An inquest today revealed the 32-year-old was battling depression when she ended her life while under the influence of alcohol and cocaine, The Sun reports.
Her boyfriend Aaron Armstrong performed CPR on her for 15 minutes but was unable to save her.
North Shields Coroners Court heard how Sophie, crowned Miss Newcastle and Miss Great Britain in 2009, had been mourning the recent death of close friend Paul Burns at the time of her death.
'I CAN'T DO THIS ANYMORE'
She exchanged a series of Instagram messages with friend Sondeep Gill before the pair spoke for nearly an hour on the phone in the early hours of June 20 last year.
Sophie said Paul "had been there for so many people and he had stopped her from taking her own life".
"I cannot do this any more I struggle every day with my ADD (attention deficit disorder)," she told Sondeep.
"I would never want to do that to my family but if I could escape I would. I cannot believe I am telling you this.
"I have been struggling with the world; no one knows why or how."
The phone suddenly went dead at 2.40am, and Sondeep's messages went unanswered after that point.

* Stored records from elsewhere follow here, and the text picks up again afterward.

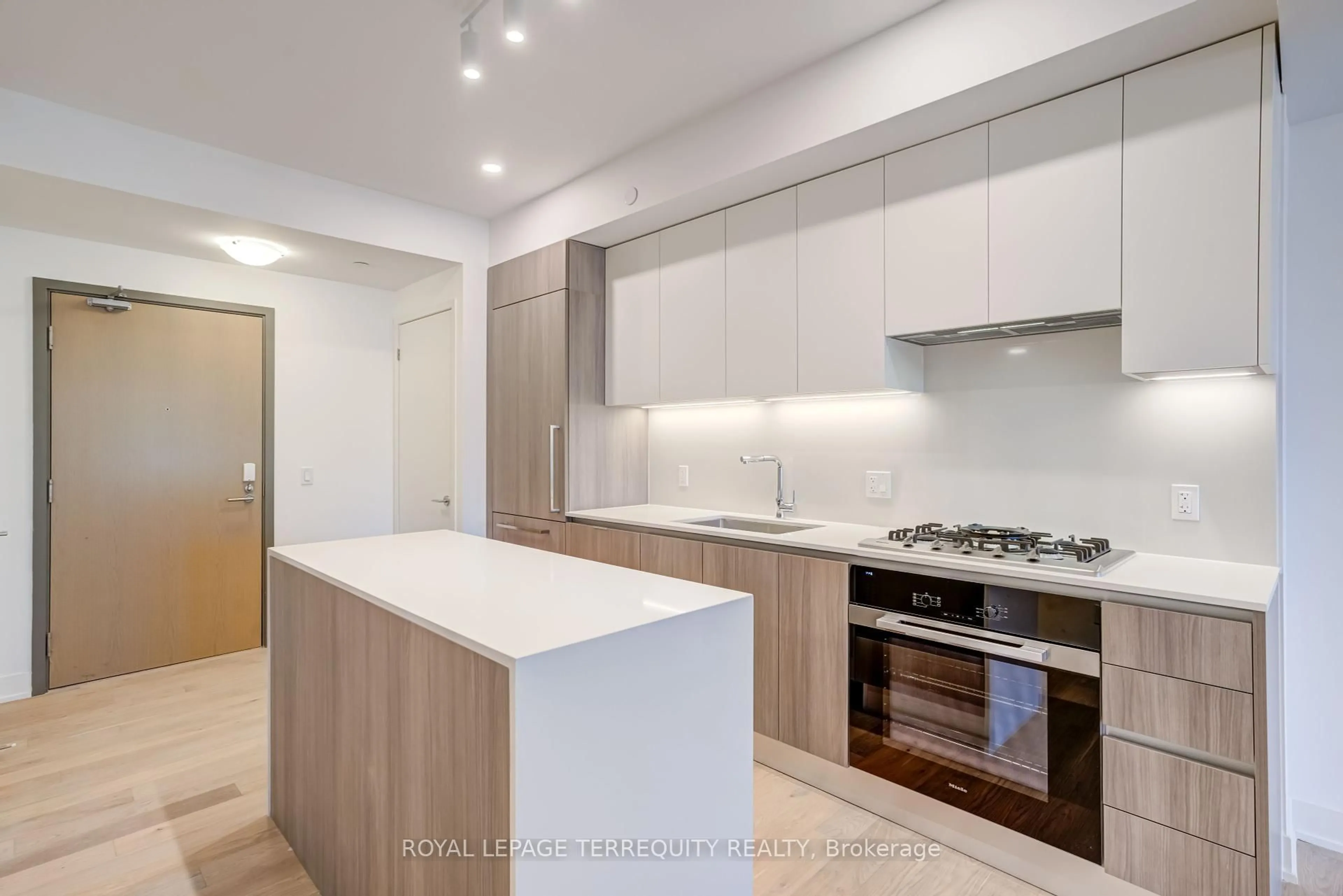 Unknown for 200 Keewatin Ave #301, Toronto Ontario M4P 1Z8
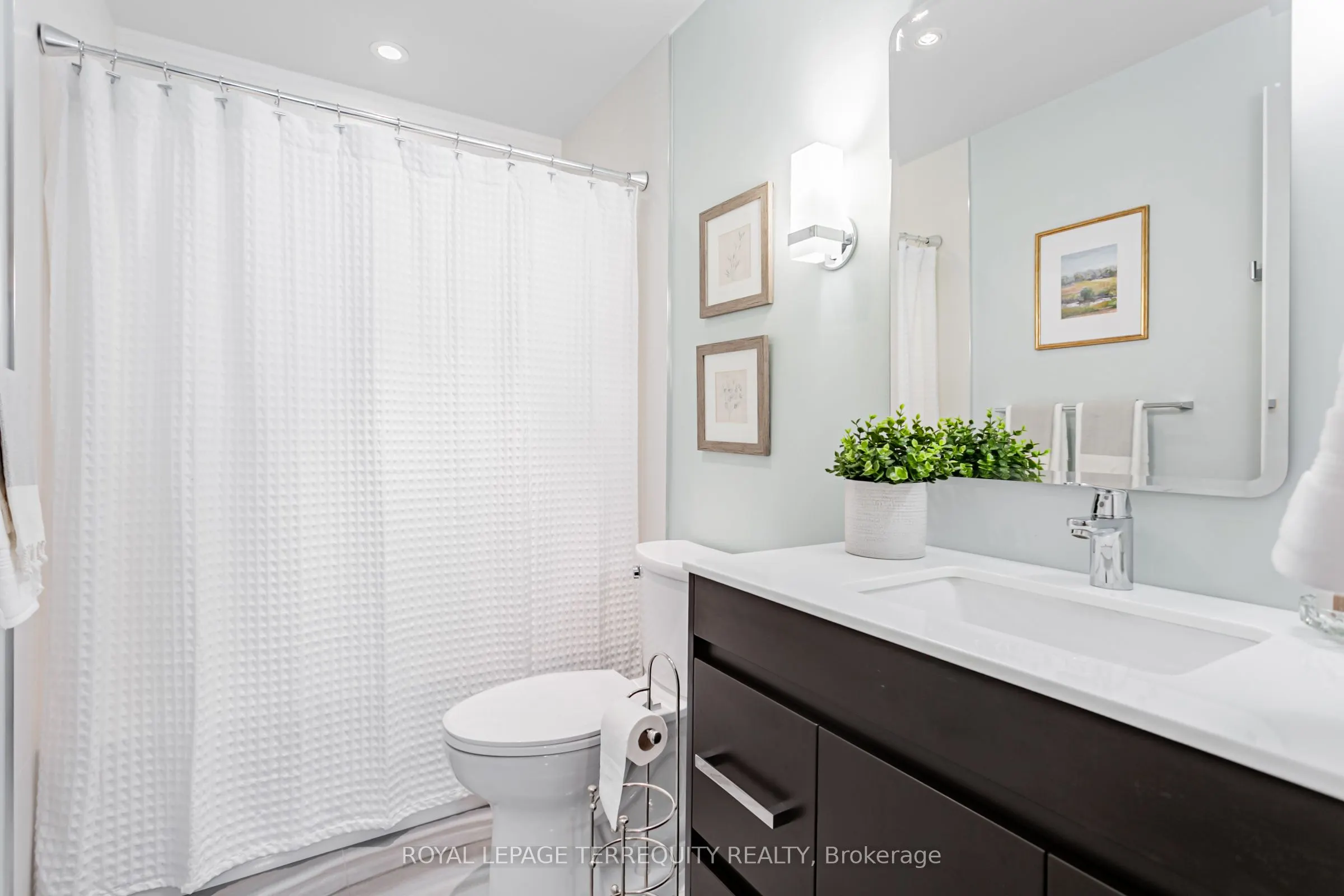 225 Davenport Road, #605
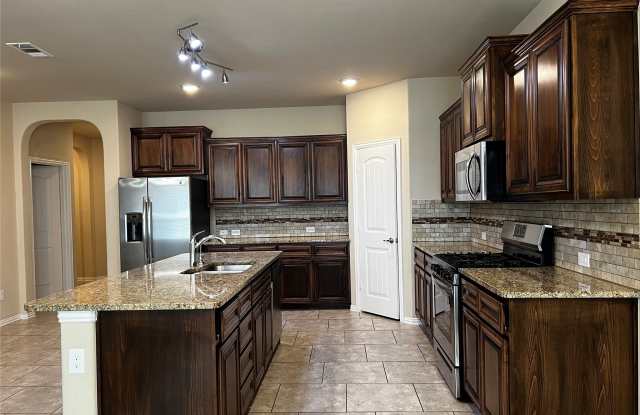 803 Valor Court Gallery 4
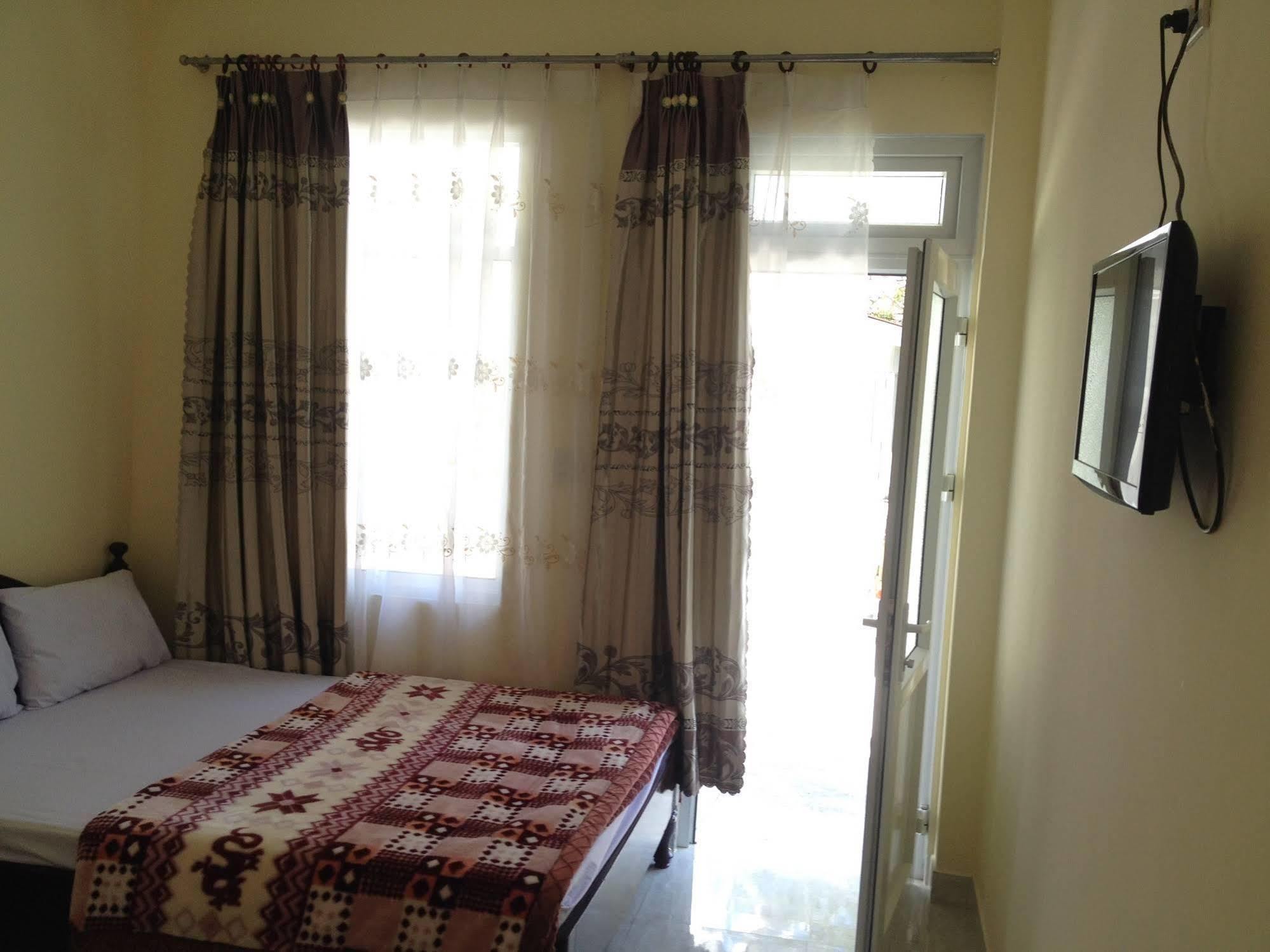 Phuong Hong Guesthouse Da Lat Zewnętrze zdjęcie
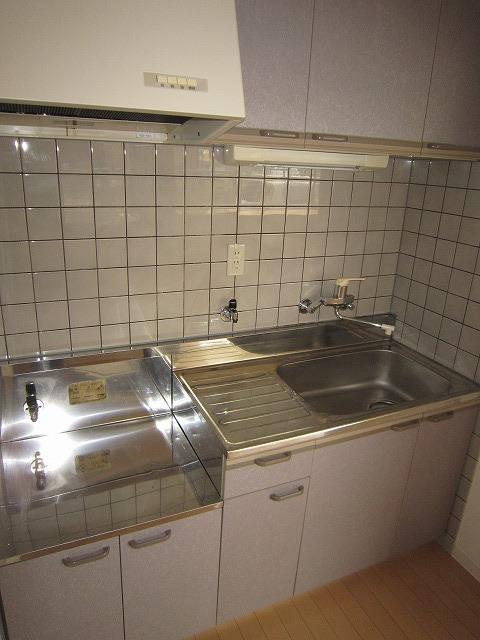 キッチン　ガスコンロ設置可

"Her speech was slurred, she was repeating herself a lot and during the conversation I was worried she sounded down so I tried to keep the conversation light and told her she should go to bed," Sondeep told police.
The court heard Sophie had been prescribed the anti-depression drug Sertraline in 2013 - and that the drug was found in her system along with the alcohol and cocaine.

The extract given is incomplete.